# Scope cover flip-up



## fulch (Apr 2, 2013)

Is anyone aware of a company that sells them that are not crap. I had an old set of Butler Creek that I liked but the new ones are junk. I've seen some Leupold but they are crazy expensive. I ordered some Weaver last season but the were back ordered and then discontinued. I prefer the style you can see through.


----------



## SerenityNetworks (Apr 9, 2013)

I like the Vortex covers. I use them on all my rifles and have been quite pleased with them.

At one show a few years ago I saw some that twisted to open an iris (like on a camera). They were sturdy and quiet. I didn't buy then because I didn't have my scopes' outside dimensions. Then I lost their business card. (Bummer.) I haven't seen any like them since.


----------



## knapper (Feb 5, 2010)

I use scope coats for my scopes.


----------



## glenway (Mar 27, 2011)

No help. I like the Leupold design, which threads inside each lens. Magnets and O-ring sealed, quick to deploy. I even had its custom shop rethread an old Vari X III's ocular lens to accommodate the slick cover. Yeah, they're costly but pay steady dividends over the years.


----------



## OHIOOutdoors2 (May 1, 2013)

In my mind there is nothing wrong with getting the best product you can afford.


----------



## sneakygroundbuzzard (Nov 1, 2012)

i too am considering adding these to my scopes

i agree with getting the best you can afford

but i am also very frugal with my hard earned cash

so i am always on the look out for a bargain

but sometimes bargain prices do mean lesser quality

its kind of a catch 22 i guess


----------



## NattyB (Jan 5, 2012)

I use the Butler Creek.
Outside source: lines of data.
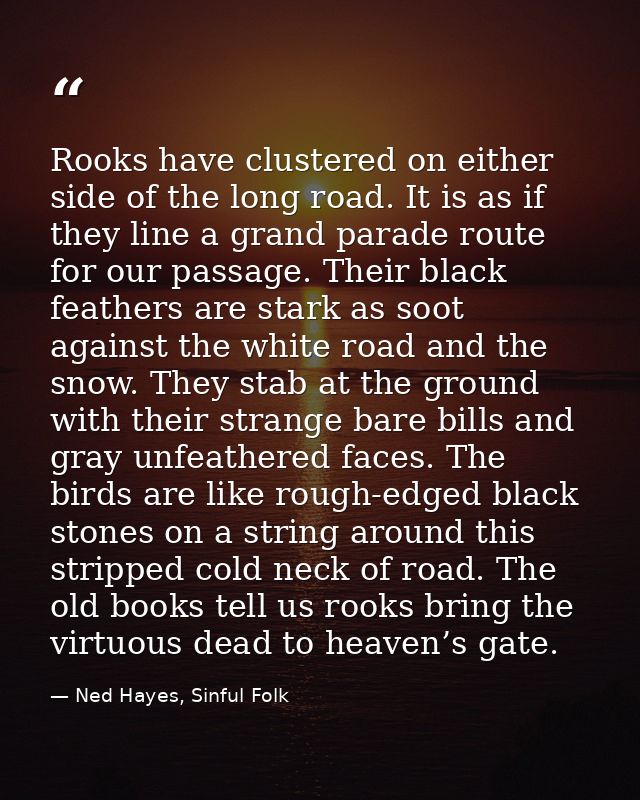 Rooks have clustered on either side of the long road. It is as if they line a grand parade route for our passage. Their  — Ned Hayes, Sinful Folk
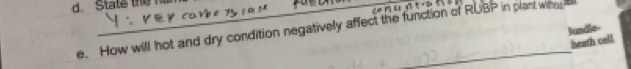 State the hun 
e. How will hot and dry condition negatively affect the function of RUBP in plant whe sl Jundle- 
heath cell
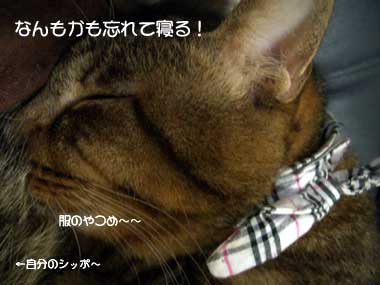 今日はもう寝る！！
They are in no ways rugged. The "click" when closing and "pop" when opening, especially in cold weather. But I treat them nice and baby-them open and close. Afterall, my scopes are dipped in gold too and I don't want anything dinged up. My point is: nothing on a scope is ever meant to be dinged around.


----------



## youngdon (Mar 10, 2010)

That's my philosophy as well.


----------



## Butchman205 (Jun 9, 2014)

When my equipment is impeding on my progress, I upgrade. Otherwise I can attribute success or failure on effort and dedication.


----------



## knapper (Feb 5, 2010)

I have seen guys lift and carry a short distance with there scopes.


----------



## Butchman205 (Jun 9, 2014)

NattyB said:


> I use the Butler Creek. They are in no ways rugged. The "click" when closing and "pop" when opening, especially in cold weather. But I treat them nice and baby-them open and close. Afterall, my scopes are dipped in gold too and I don't want anything dinged up. My point is: nothing on a scope is ever meant to be dinged around.


I agree completely. 
However, one of my favorite scopes looks like it tumbled down cliff on a Rocky Mountain mule deer hunt...because it did!

An old friend of mine called me from a local sporting goods store, and said a good customer was trading in a great Kahles 56mm scope. He said the guy let his rifle get away from him while he was climbing a hill to get a better shot on a bedded mule deer. Supposedly the rifle tumbled down the hill, the guy climbed down and got it, and proceeded to make a perfect shot on the muley.

He said it was banged up, but I could prob get it for less than $700 if I hurried on over and made an offer.

It's the only scope I don't mind a few dings on...

I just hate the "great big" flip-open scope covers on a 56mm objective. It feels like I'm waving a black hubcap with any movement at all.


----------



## NattyB (Jan 5, 2012)

Hey, if you get away with bangs, dings and tumbles down the hill...Great. Shows you have quality and would make a good commercial. Someone should pay you for the story...

I've seen high $ scopes go out of zero by simply tipping over from bi-pod rest on a lawn. I had rifle go out when the scope ticked against the tree as I was hauling it up. (Cost me a Red Fox.)

I suppose anything made of glass is fragile. *May all your scopes always land Jelly-Side Up!*


----------



## Jonbnks (Jan 21, 2012)

I like this scope cover


----------



## NattyB (Jan 5, 2012)

Great.


----------